Общенациональный Русский Журнал | Василий Дворцов | 08.02.2008 |
Да и, вообще, что значит один год для истории, с истоком в четыре тысячи лет? Тогда протославянский язык вылущился из индоевропейской семьи, чтобы через десяток веков стать праславянским, а далее разделиться на три ветки — восточную (древнерусскую), западную (будущие поляки, чехи, словаки, лужичане, поморские славяне) и южную (ныне болгары, сербы, хорваты, словенцы, македонцы). История продолжилась, когда, в свою очередь, древнерусский, к распаду Орды, сам лёг в основу языкам зарождающихся народов Руси Великой, Белой и Малой.

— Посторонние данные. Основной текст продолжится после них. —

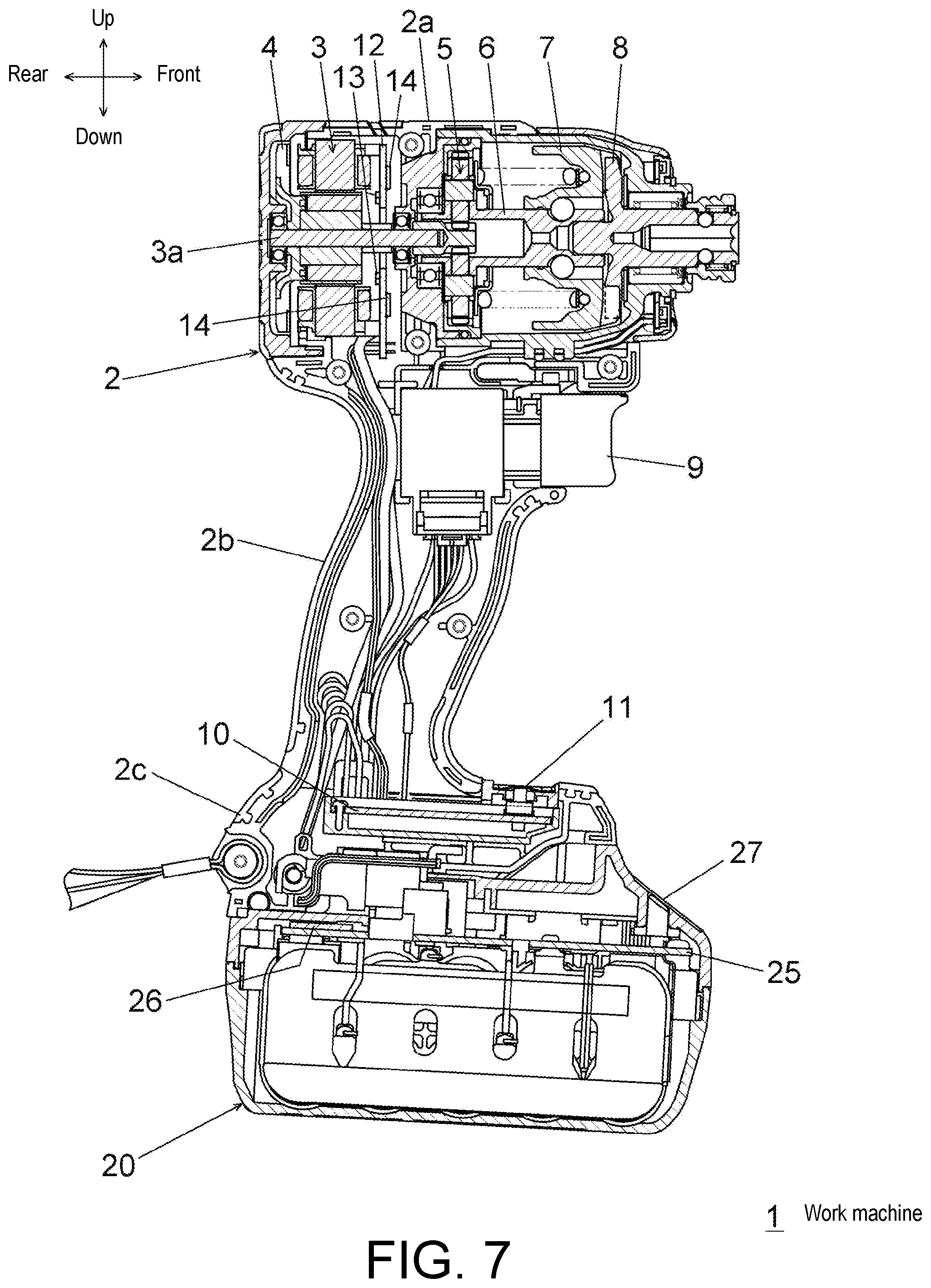 Patent US12564928 Figure 5 – Sensor unit, work machine, communication method, and management method
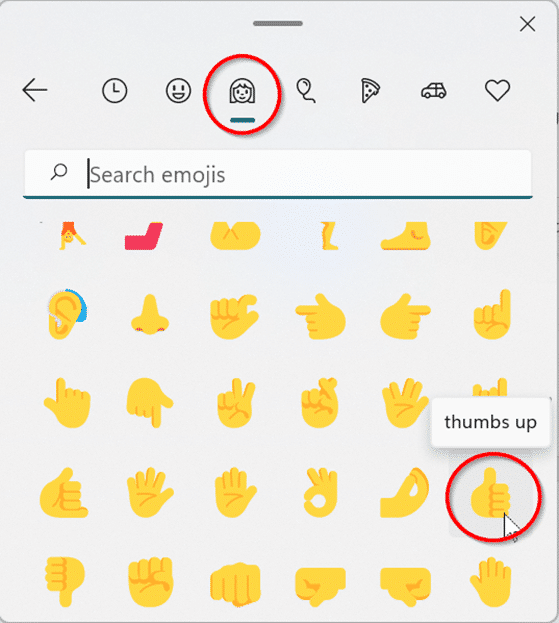 Thumbs Up👍emoji in Word, Excel, PowerPoint and Outlook Office Watch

А ещё в своём повитии великорусский разливался, было, на южно-акающий Тмутараканский и северно-окающий Новгородско-Псковский потоки, но, слава Богу, наново сросся сложился посреди Московско-Окской Руси. Это то слияние можно считать ключевым моментом, поворотным, решительно судьбоносным. Ведь, собственно, вся наша современная речь с тех пор и есть возвратное движение множеств разбежавшихся языковых ручейков в единое русло.
С XIV — XV веков Москва приняла на себя имперское наследие Византии и стала средоточием притяжения народных множеств. Но нужно помнить, что к этому венцу её подвело Православие, с его великим даром всему славянскому миру — священной церковной письменностью. Сотворив на основе староболгарских диалектов язык общеславянского Евангелия, святые братья Кирилл (Константин) и Мефодий утвердили православную литургию центром для круговорота зарождающейся цивилизации Русского Слова. Круговорота, втянувшего и втягивающего не только славянские, но и угорские, тюркские, среднеазиатские, иранские, кавказские, монгольские, маньчжурские и кетские народы. Круговорота, втянувшего и втягивающего культовое многообразие Евразии в единость культуры России. С памятью, что на том самом священном языке «народ» и «язык» — синонимы. Кириллица… Чуткость, с коей Кирилл и Мефодий отнеслись не только к звукам, но и к их начертанию — в том числе с новопоместными «ж», «ч» взамен общих для прежних праславянских «dj», «tj», — обеспечила творческую свободу разнообразия развития азбук. С дальнейшим победоносным шествием знаковой системы, своей молодой напористостью раздвинувшей зоны, казалось бы, давно освоенные греческим, латинским, арабским, тибетским и китайским написанием. Кириллица на Руси…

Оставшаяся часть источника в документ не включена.